I have an UTF-8 character encoded with `_' in between, e.g., '_ea_b4_80'.
I'm trying to convert it into UTF-8 character using replace method, but I can't get the correct encoding.
This is a code example:
import sys
reload(sys)
sys.setdefaultencoding('utf8')
r = '_ea_b4_80'
r2 = '\xea\xb4\x80'
r = r.replace('_', '\\x')
print r
print r.encode("utf-8")
print r2
In this example, r is not the same as r2; this is an output.
\xea\xb4\x80
\xea\xb4\x80
관 <-- correctly shown
What might be wrong?
解决方案
\x is only meaningful in string literals, you're can't use replace to add it.

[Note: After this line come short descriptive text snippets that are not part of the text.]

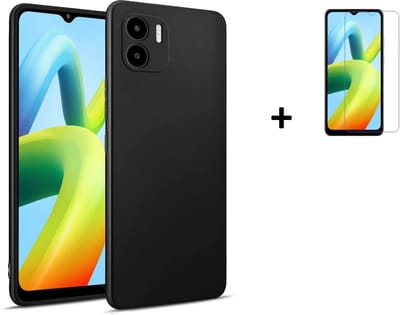 MoDo hoesje geschikt voor Xiaomi Redmi A1/ Redmi A2 - Siliconen/TPU/Kunststof Back Cover - Zwart met screenprotector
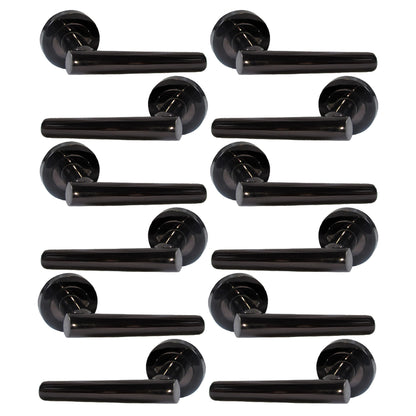 Marketplace JPG companion for Multipack Door Handles T Bar Straight Lever on Rose Latch - Black Nickel 125mm - 52mm
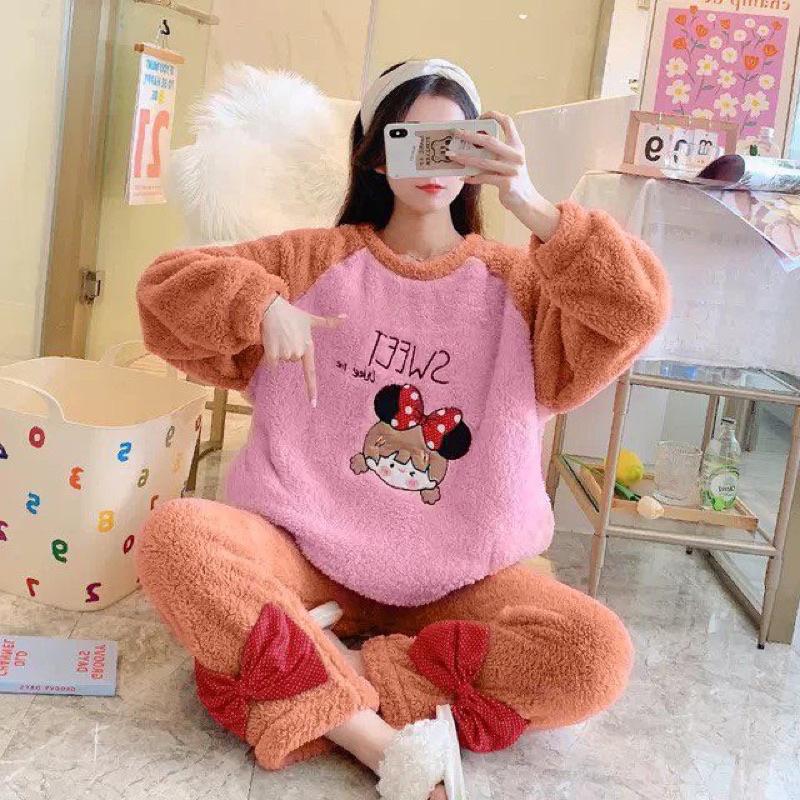 Bộ ngủ, mặc nhà lông cừu 2 mặt mềm mại hình cô gái dễ thương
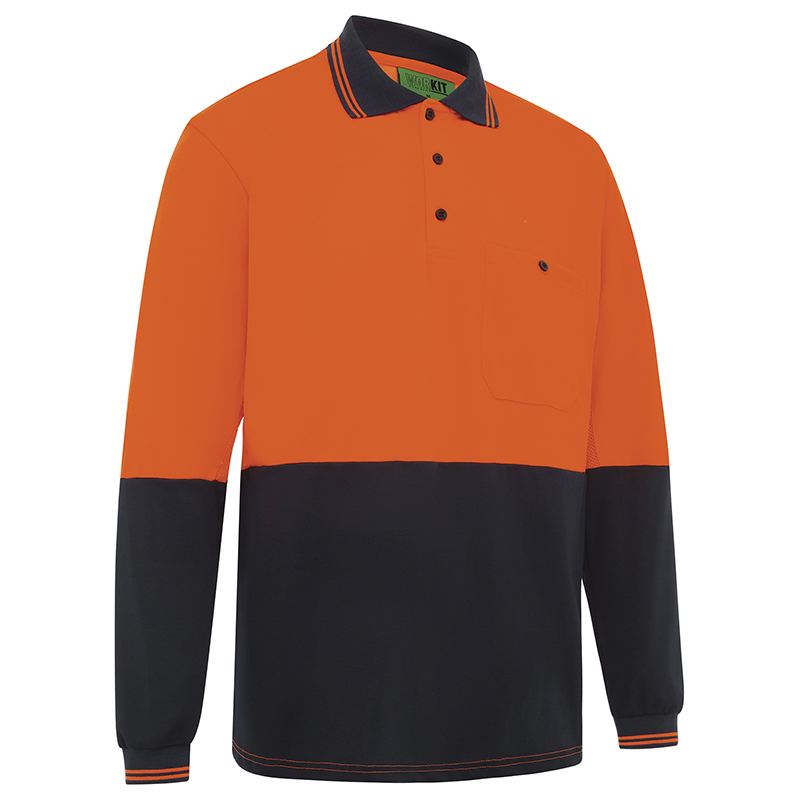 Hi Vis 2 Tone Long Sleeve Poly/Cotton Polo Shirt Orange/Navy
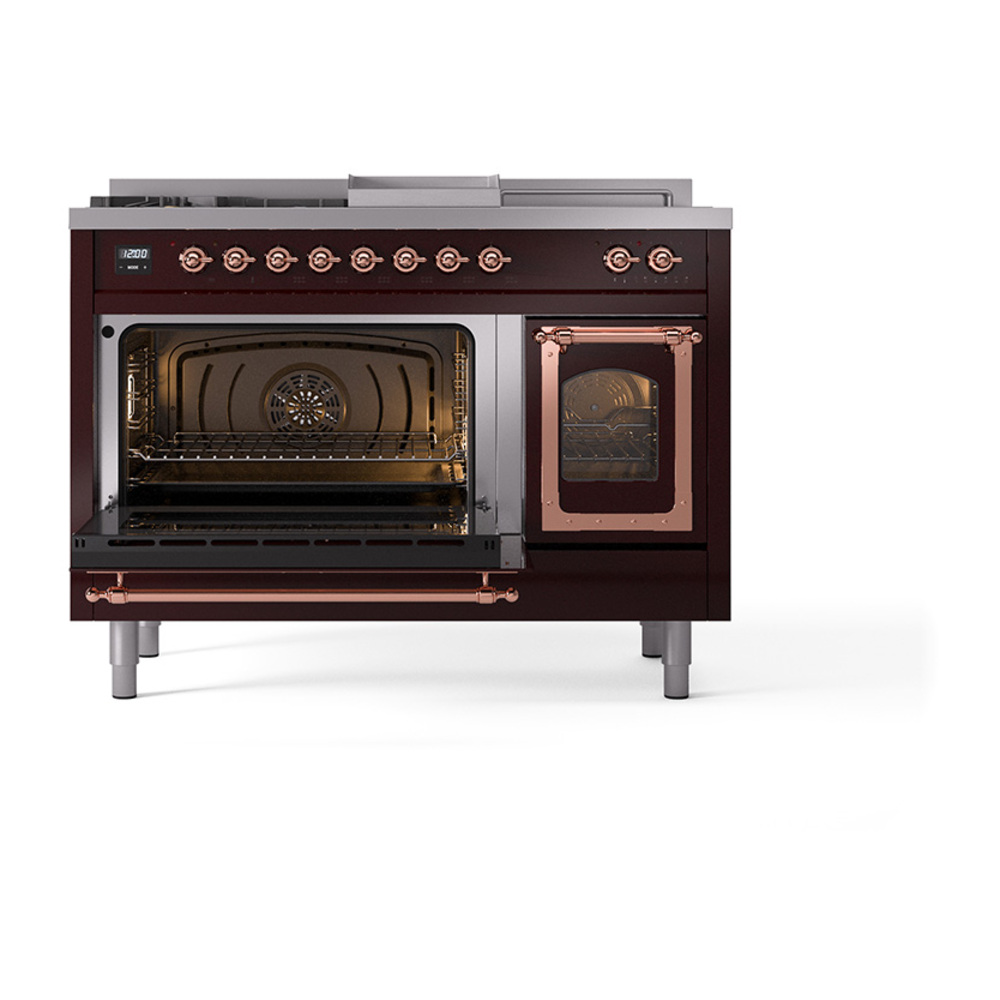 ILVE_UN48FSNMPBUP_Nostalgie_II_48"_Dual_Fuel_Range_main_oven_door_opened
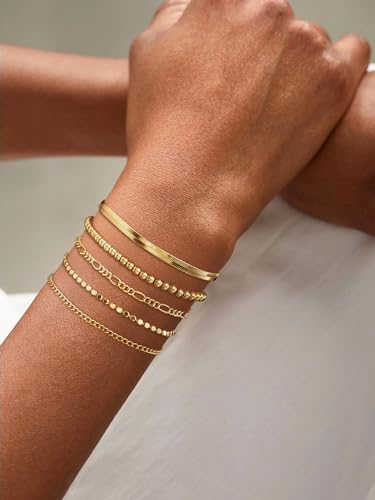 DEARMAY Gold Bracelets for Women Waterproof, 14K Real Gold Jewelry Sets for Women Trendy Thin Dainty Stackable Cuban Link Paperclip Chain Bracelet Pack Fashion Accessories Gifts for Womens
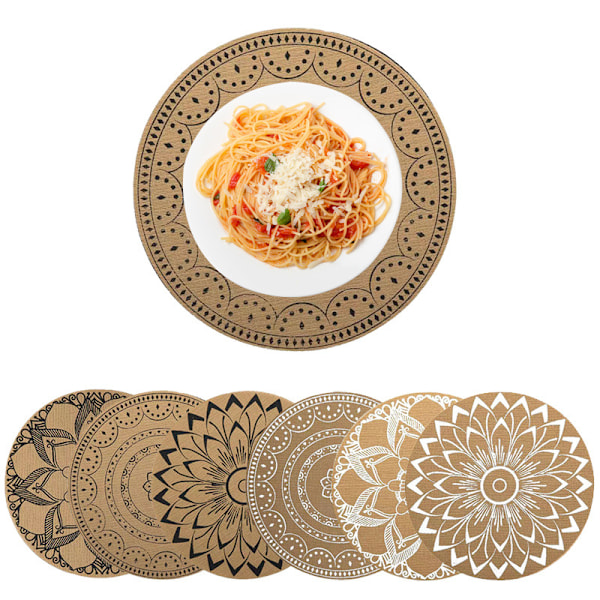 ##/Boheme Print Runde Bordskånere PVC Flettede Bordskånere Sæt af 6 Vaskbare Varmebestandige Skridsikre Bordskånere til Køkken Restaurant Spisebord##/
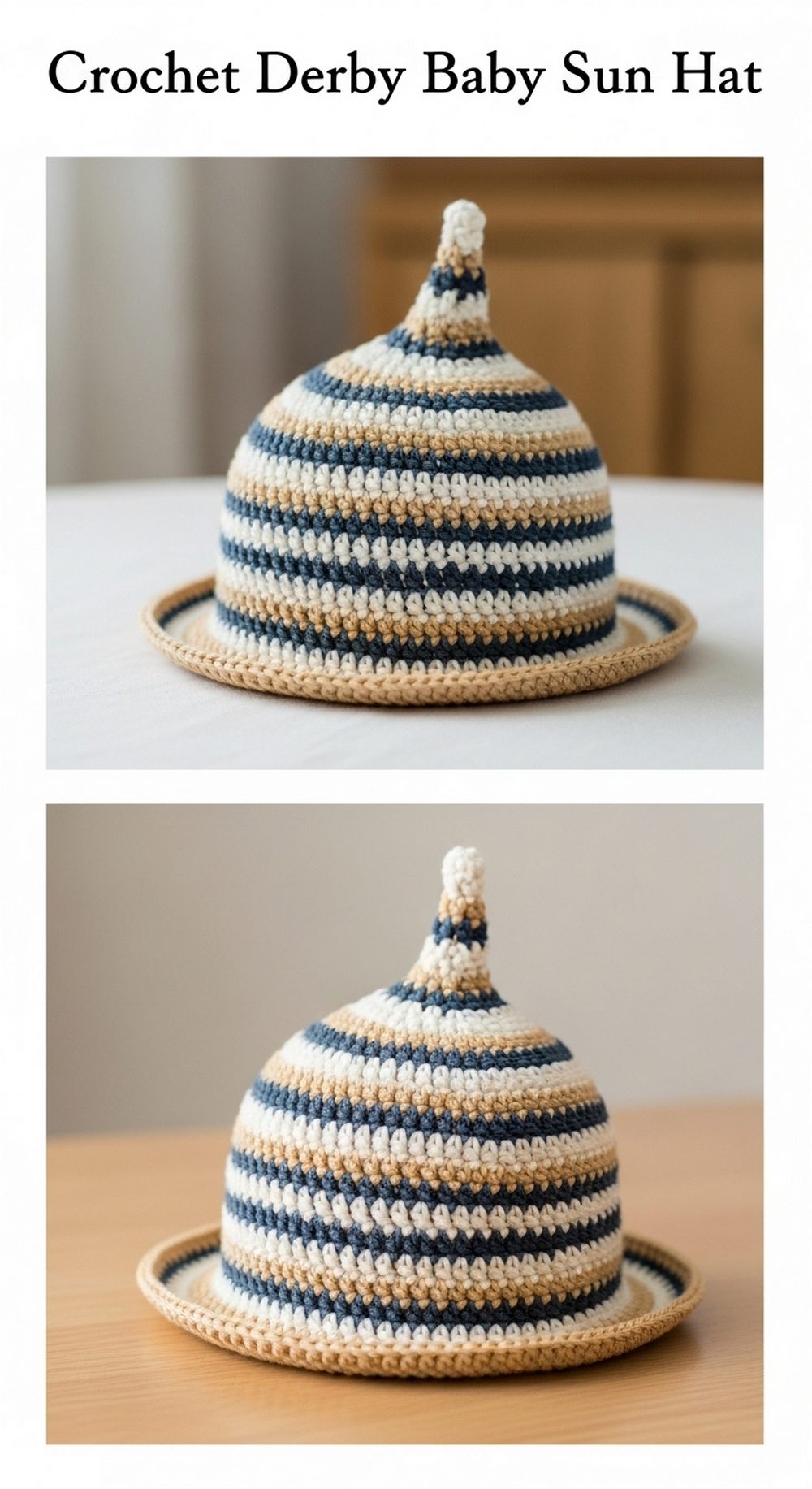 Crochet Derby Baby Sun Hat
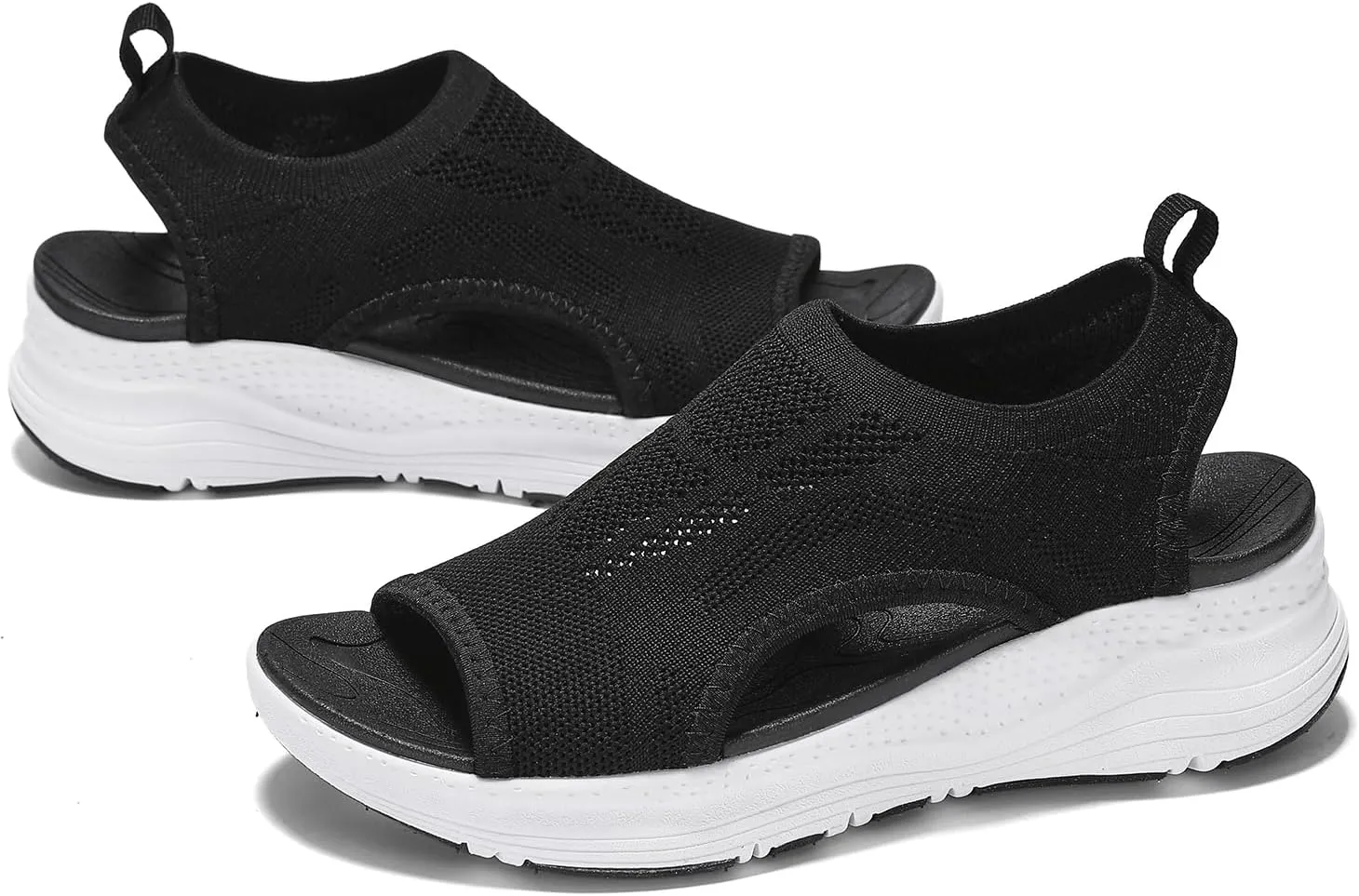 GoodValue Womens Comfortable Orthopedic Sandals Arch Support Ladies Walking Sport Athletic Sandals Open Toe Slip On Plantar Fasciitis Platform Dress Sandal 2 Inches Heel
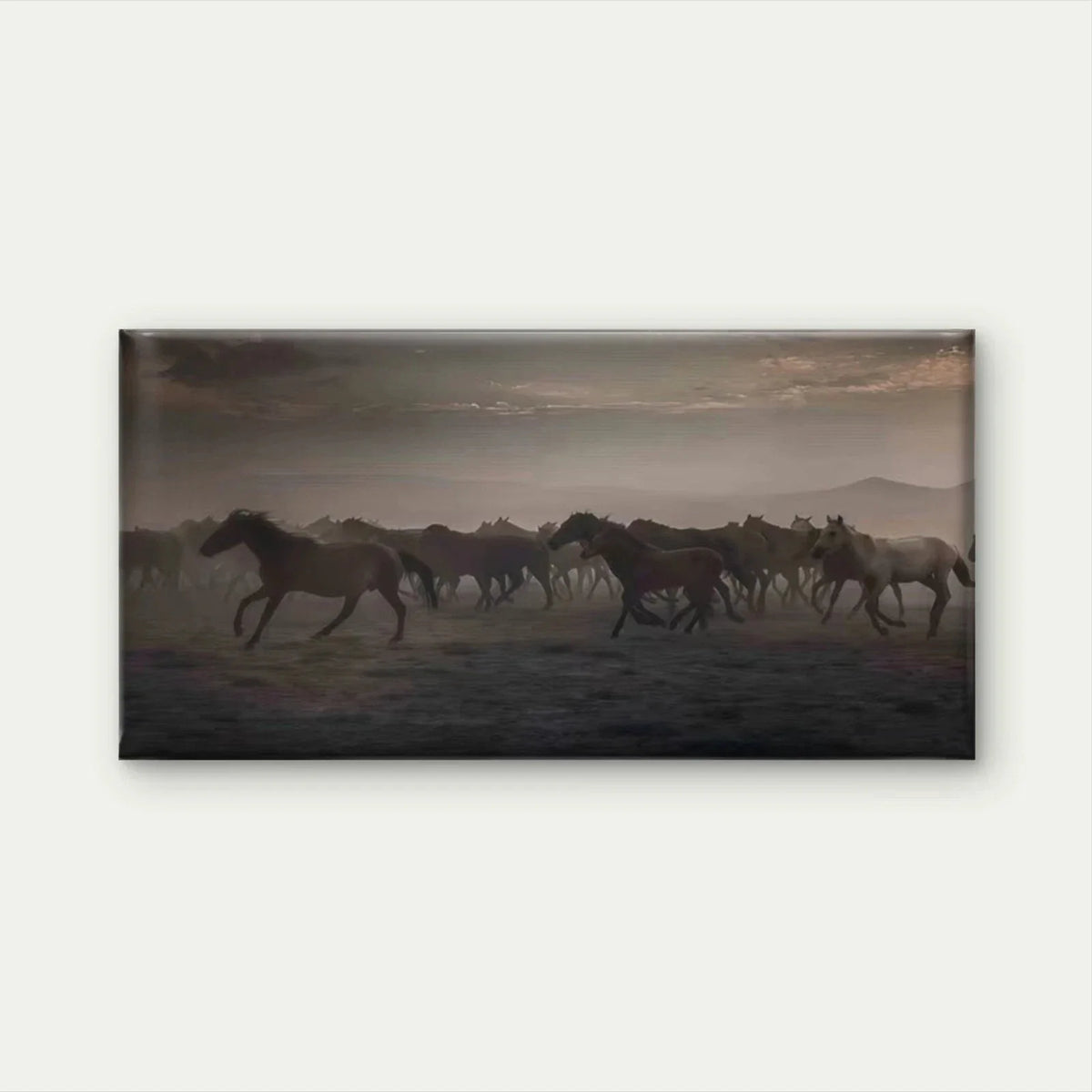 Classic Galloping Horses Wall Art Canvas Office Home Room Framed 80x45cm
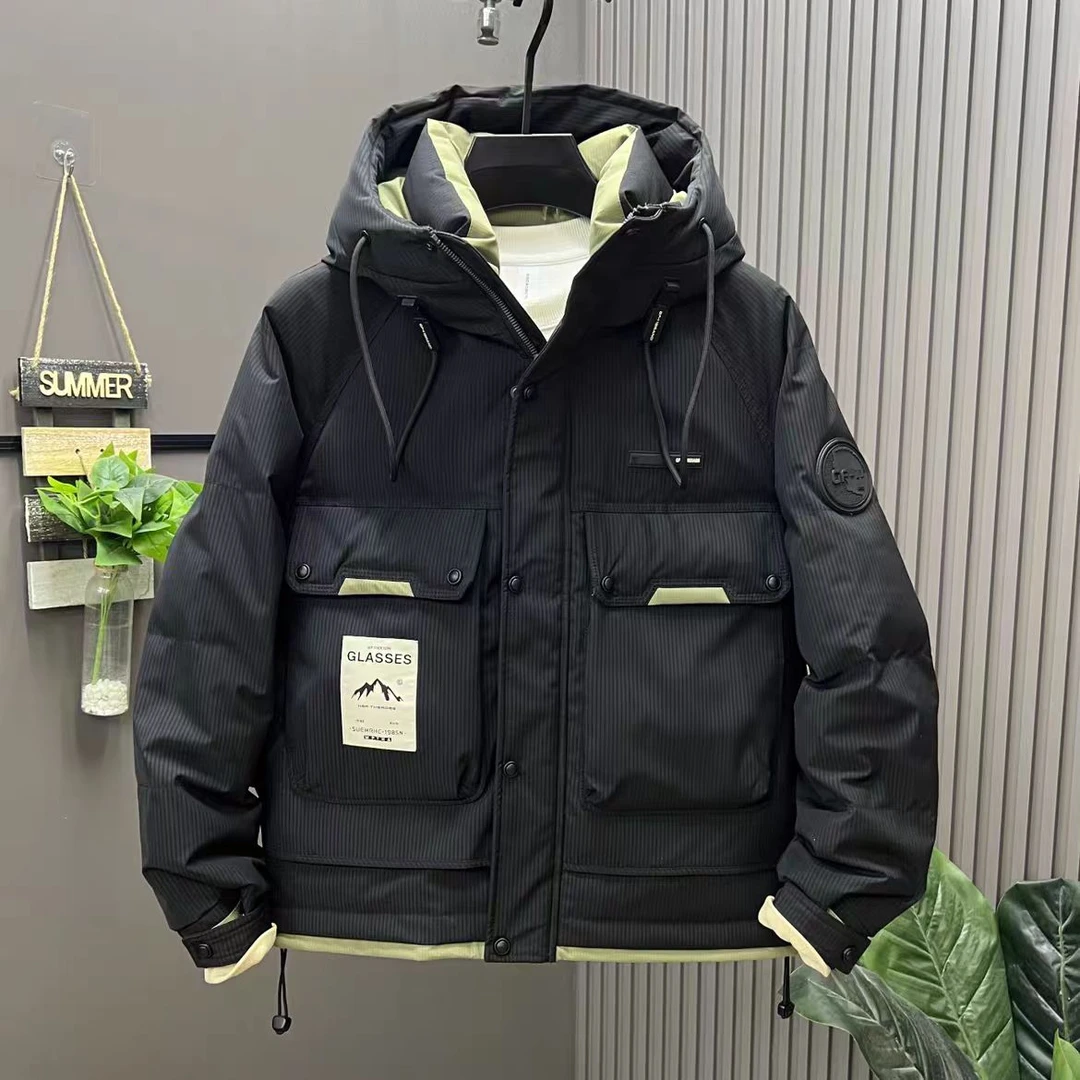 聪哥推荐，冬季拼色连帽情侣款羽绒服8315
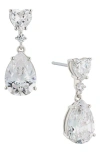 Nadri Cora Cubic Zirconia Drop Earrings In Silver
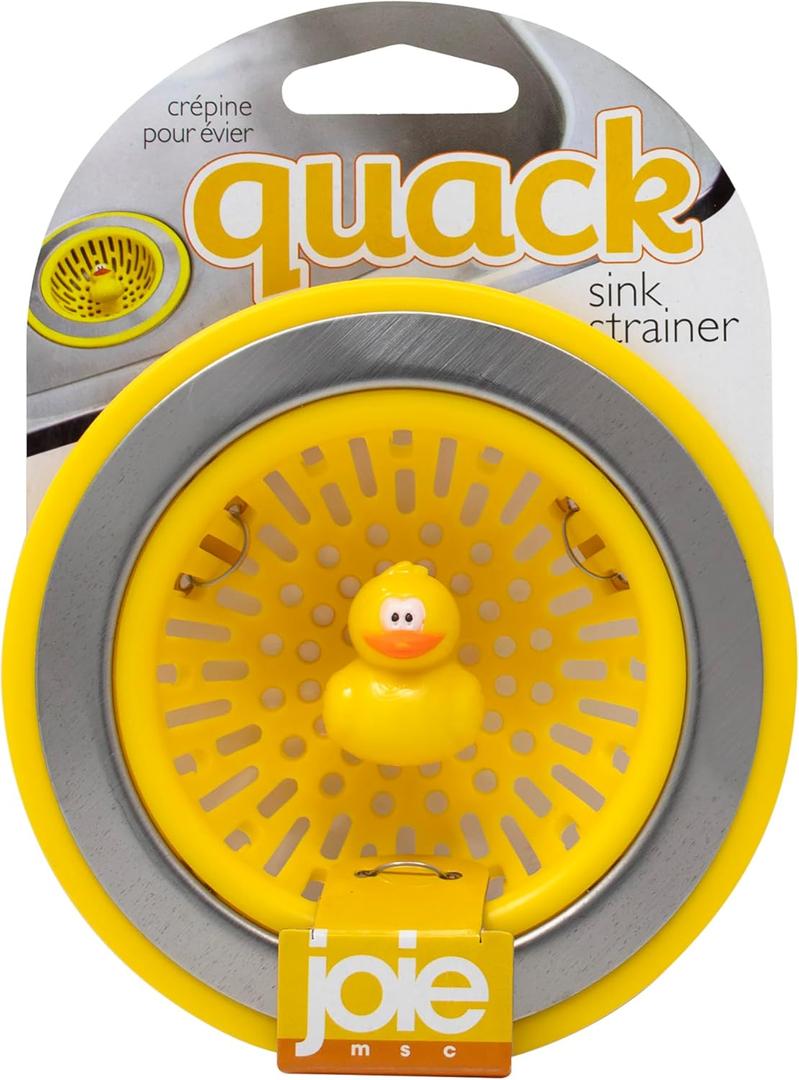 Joie Quack Kitchen Sink Strainer Basket, Fits All Standard Sinks, Stainless Steel, Cute Garbage Disposal Drain Cover, 4.5-Inch, Yellow Duck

To get your desired result, convert to bytes, then decode:
import binascii
r = '_ea_b4_80'
rhexonly = r.replace('_', '') # Returns 'eab480'
rbytes = binascii.unhexlify(rhexonly) # Returns b'\xea\xb4\x80'
rtext = rbytes.decode('utf-8') # Returns '관' (unicode if Py2, str Py3)
print(rtext)
which should get you 관 as you desire.
If you're using modern Py3, you can avoid the import (assuming r is in fact a str; bytes.fromhex, unlike binascii.hexlify, only take str inputs, not bytes inputs) using the bytes.fromhex class method in place of binascii.unhexlify:
rbytes = bytes.fromhex(rhexonly) # Returns b'\xea\xb4\x80'